El héroe se sintió confundido.

-Y si es injusto, ¿no sería mejor cambiarlo? Digo, revisarlo un poco, para que dejara de serlo.

-Ja -el joven se había burlado por primera vez-. Usted debe estar loco o vivir en alguna isla feliz.

-Hace un tiempo me fui de la patria y recién he regresado, discúlpeme -se turbó el héroe.

-La injusticia siempre favorece a algunos, eso es -explicó el joven.

El prócer había comprendido para qué estaban los tanques. Decidió cambiar de tema.

-¿A qué se dedica usted? -le preguntó al muchacho.

-A nada -fue la respuesta tajante del joven.

-¿Cómo a nada? -el héroe volvió a sorprenderse.

-Antes estudiaba -accedió a explicarle-, pero ahora el gobierno ha decidido clausurar indefinidamente los cursos en los colegios, los liceos y las universidades. Sospecha que la educación se opone al orden, por lo cual, nos ha eximido de ella. Por otra parte, para ingresar a la administración sólo será necesario aprobar examen de integración al régimen. Así se proveerán los puestos públicos; en cuanto a los privados, no hay problemas: jamás emplearán a nadie que no sea de comprobada solidaridad al sistema.

-¿Qué harán los otros? -preguntó alarmado el héroe.

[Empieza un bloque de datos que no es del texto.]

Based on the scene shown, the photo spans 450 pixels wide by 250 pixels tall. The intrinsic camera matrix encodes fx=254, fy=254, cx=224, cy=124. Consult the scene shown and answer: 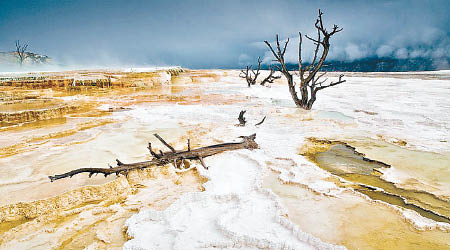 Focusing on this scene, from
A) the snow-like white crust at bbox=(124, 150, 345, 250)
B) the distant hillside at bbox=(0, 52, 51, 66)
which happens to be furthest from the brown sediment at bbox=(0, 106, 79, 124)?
the distant hillside at bbox=(0, 52, 51, 66)

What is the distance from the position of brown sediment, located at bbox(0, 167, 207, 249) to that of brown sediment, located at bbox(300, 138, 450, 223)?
243 cm

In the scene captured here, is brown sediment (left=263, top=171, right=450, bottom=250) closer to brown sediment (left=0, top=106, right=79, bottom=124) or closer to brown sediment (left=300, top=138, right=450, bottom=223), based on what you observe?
brown sediment (left=300, top=138, right=450, bottom=223)

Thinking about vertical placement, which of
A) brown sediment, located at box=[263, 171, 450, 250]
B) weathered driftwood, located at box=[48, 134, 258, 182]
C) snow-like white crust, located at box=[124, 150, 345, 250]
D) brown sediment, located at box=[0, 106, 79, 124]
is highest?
brown sediment, located at box=[0, 106, 79, 124]

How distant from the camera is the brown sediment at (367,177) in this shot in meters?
3.20

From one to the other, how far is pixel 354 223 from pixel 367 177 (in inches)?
63.0

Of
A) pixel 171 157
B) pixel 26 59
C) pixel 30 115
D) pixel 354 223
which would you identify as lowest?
pixel 354 223

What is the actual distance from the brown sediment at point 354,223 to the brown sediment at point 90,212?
1.46 meters

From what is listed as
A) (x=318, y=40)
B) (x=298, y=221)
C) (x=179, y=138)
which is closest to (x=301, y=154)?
(x=298, y=221)

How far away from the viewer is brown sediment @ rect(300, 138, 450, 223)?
3197mm

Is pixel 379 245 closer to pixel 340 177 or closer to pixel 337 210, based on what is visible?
pixel 337 210

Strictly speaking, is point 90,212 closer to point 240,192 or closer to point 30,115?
point 240,192

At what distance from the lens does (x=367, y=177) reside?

-Huirán del país o serán reducidos por el hambre. Hasta ahora este último recurso ha sido de gran utilidad, tan fuerte, quizás, y tan poderoso, como los verdaderos tanques.

El caudillo deseó ayudar al joven; pensó en escribir una recomendación para él, a los efectos de obtenerle algún empleo, pero no lo hizo porque, a esa altura, no estaba muy seguro de que una tarjeta con su nombre no enviara directamente al joven a la cárcel.

-Ya he estado allí -le dijo el joven, que leyó la palabra cárcel en el pensamiento de ese hombre maduro envuelto en su patria-. Por eso me han cortado el pelo -añadió.

-No le entiendo bien. ¿Qué tiene que ver el pelo con la cárcel?

-El cabello largo se opone al régimen, por lo menos eso es lo que piensa el gobierno.

-Toda mi vida usé el cabello largo -protestó el héroe.

-Serían otras épocas -concluyó seriamente el joven.